L’annonce du décès, largement amplifiée, est contredite à 20 h 07 par l’AFP qui cite le directeur de cabinet de la préfecture de la Nièvre selon lequel Pierre Bérégovoy est « dans un état très grave, le pronostic vital est réservé ». Un chirurgien de l’hôpital de Nevers, où l’on a décidé de le transférer par hélicoptère vers un hôpital parisien pourvu d’un service de neuro-chirurgie mieux équipé - c’est finalement l’établissement militaire du Val-de-Grâce qui sera retenu -, confirme qu’il « n’est pas mort », mais « dans le coma ». Selon le fonctionnaire préfectoral, l’information erronée sur le décès « a été donnée malencontreusement au départ ». En fait, Pierre Bérégovoy décédera à 22 h 15 dans l’hélicoptère qui le conduit vers Paris et l’hôpital militaire du Val-de-Grâce, où François Mitterrand, accompagné de son médecin personnel, mais aussi le premier ministre, Edouard Balladur, et deux membres du gouvernement (Charles Pasqua et Nicolas Sarkozy) se sont rendus. La nouvelle est officiellement annoncée peu après minuit dans un communiqué lu aux journalistes devant l’hôpital.
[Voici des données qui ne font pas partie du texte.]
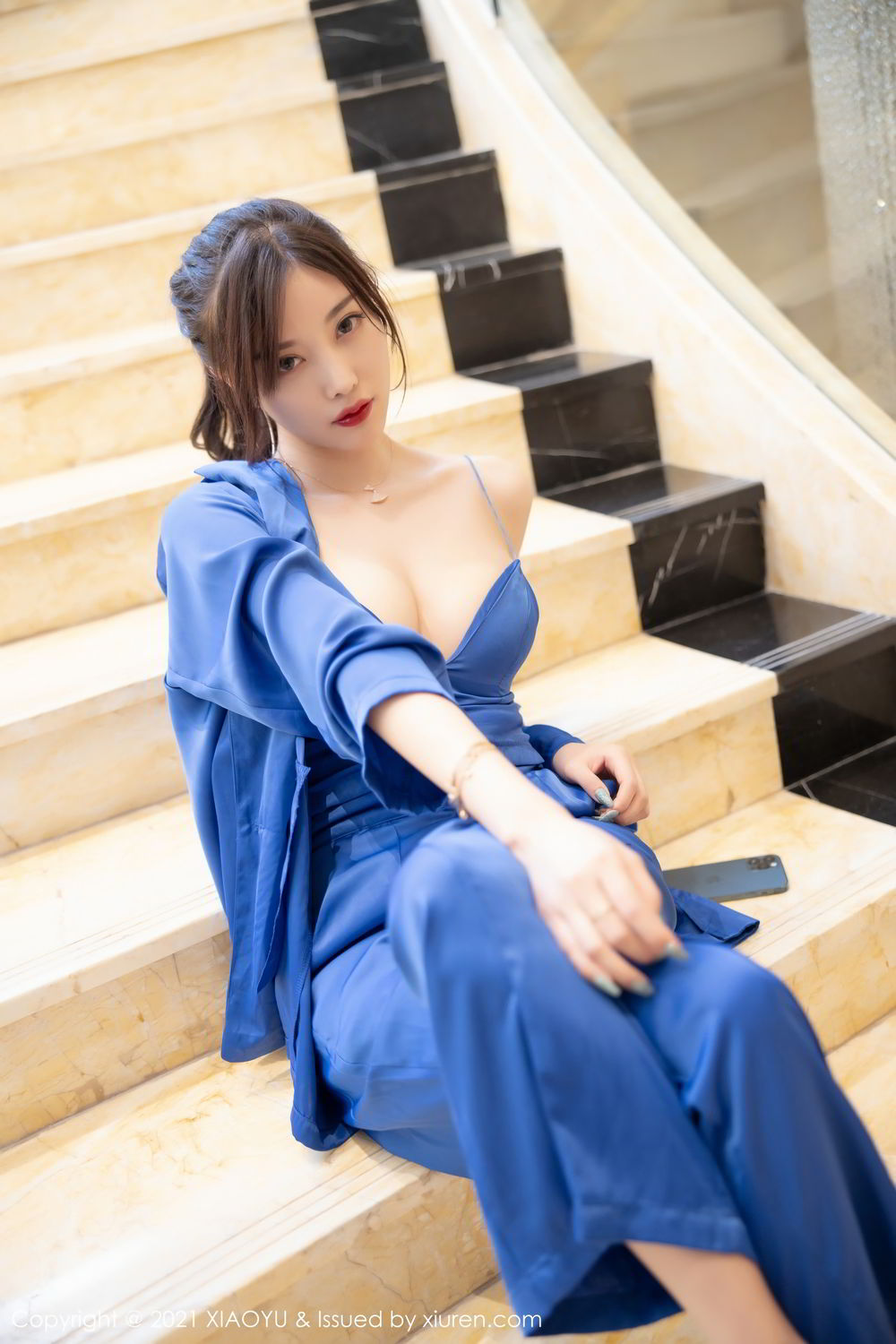《语画界 杨晨晨 制服写真 VOL.467》第34张,模特杨晨晨,语画界,制服主题,全套98张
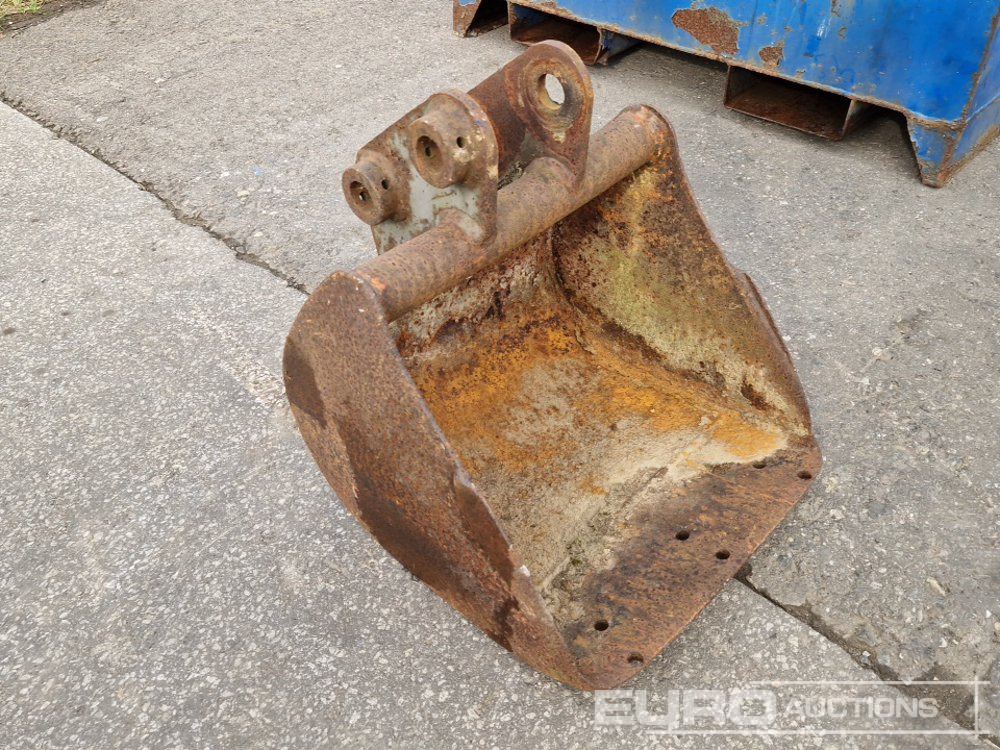 12" Digging Bucket to suit 1 Ton Mini Excavator - بكت: صور 4 12" Digging Bucket to suit 1 Ton Mini Excavator - بكت: صور 4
Les obsèques auront lieu mardi en la cathédrale de Nevers. En raison de la « grande émotion » soulevée par la mort de Pierre Bérégovoy, Edouard Balladur a fait savoir qu’il a décidé de « retarder de quelques jours l’adoption et la publication du plan de redressement préparé par le gouvernement ». Ce plan devait être présenté mercredi 5 mai. De même, la publication de l’audit sur les comptes budgétaires et sociaux a été reportée de lundi à la fin de la semaine. Auparavant, le premier ministre s’était déclaré « profondément bouleversé par la disparition tragique de Pierre Bérégovoy », un « homme de grand mérite et d’un grand courage qui s’était (...) attaché à servir du mieux possible les intérêts de notre pays ».

 

Stupéfaction et émotion

 

 

Dès le début de soirée, samedi, les réactions (voir par ailleurs), qui manifestent toutes stupéfaction et émotion, mais aussi les explications et les supputations en tout genre sur le geste de l’ancien chef de gouvernement n’ont pas manqué sur les ondes (voir page 4). Un commentateur - Gérard Carreyrou sur TF1 - crut bon d’indiquer que Pierre Bérégovoy ne parvenait quasiment plus à entrer en communication avec le chef de l’Etat, dont il était, selon l’expression consacrée, « un fidèle parmi les fidèles ».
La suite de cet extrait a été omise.